It is a nice thread Ben (sure beats that ethics thread!.) I'm just razzing you..........

Larry


----------



## sqkcrk (Dec 10, 2005)

Smokers are too common for anyone who knows how to Post Photos to do so. Seen one, seen one.


----------



## beemandan (Dec 5, 2005)

sqkcrk said:


> Smokers are too common for anyone who knows how to Post Photos to do so. Seen one, seen one.


Now you've hurt lots of feelings


----------



## sqkcrk (Dec 10, 2005)

Wellll ...
View attachment 2701
How's that?


----------



## cerezha (Oct 11, 2011)

jim lyon said:


> OMG You have an old Woodman. I grew up captivated by the old picture on those. We used to have those laying around everywhere but they are long gone. A few years ago I found one in an antique store and I proudly display it in my truck garage.


 Yes and in perfect shape - was kept in garage I guess for 40+ years... I got it when start by bees odyssey. Sergey


----------



## Wimmels (Jul 16, 2012)

I use one of these:
I am not the one on the photo I took it from internet.










http://nl.wiktionary.org/wiki/dathepijp

When you use a veil the pipe sticks through the net and lets you work with both hands.


----------



## WWW (Feb 6, 2011)

Wimmels, I always fancied having one of those but they do not seem to be available here in the States.


----------



## Wimmels (Jul 16, 2012)

You can order these in every webshop here in Holland, Germany too I think.

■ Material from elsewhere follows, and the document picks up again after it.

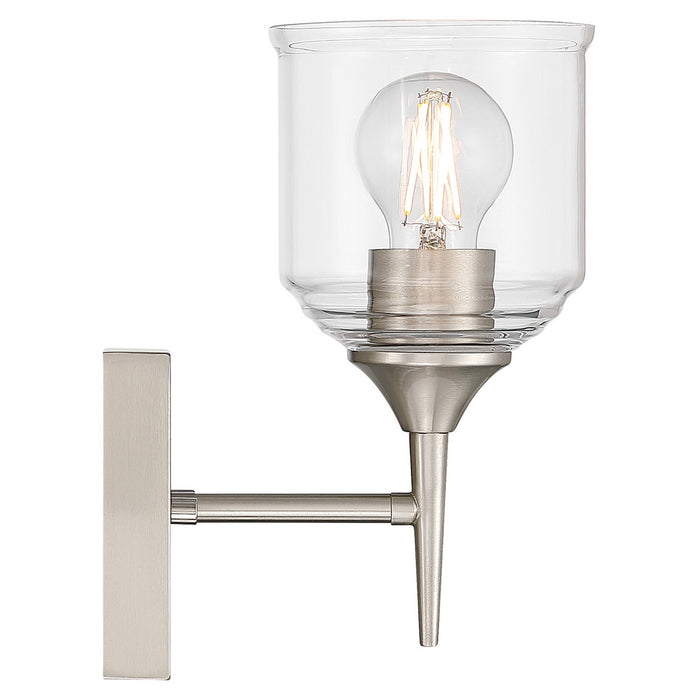 Access - 62001-BS/CLR - One Light Wall Sconce - Beacon - Brushed Steel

Maybe inform there what shipping costs are? They are very light so shipping shouldn't be that expensive.


----------



## Apple Farmer (Apr 14, 2009)

WWW said:


> Wimmels, I always fancied having one of those but they do not seem to be available here in the States.


www, you can see if wildforager has any left. He had some shipped in last year. He's a member of this forum.


----------



## preciousbeesfarm (Apr 6, 2011)

Here is the 1st smoker I ever had, (made it meself,, can ya tell?)






I call it FRANKINSMOKER!:lpf: <---- LOVE THE LIL GREEN GUY,,,


----------



## snl (Nov 20, 2009)

That's pretty cool for homemade! :applause:


----------



## WWW (Feb 6, 2011)

Thanks Wimmels and Apple farmer, I will check with Wildforager first to see if he has any left......Bill


----------



## SteveBee (Jul 15, 2010)

http://honeysunapiary.wordpress.com/tech-tools/smoker-choker/


----------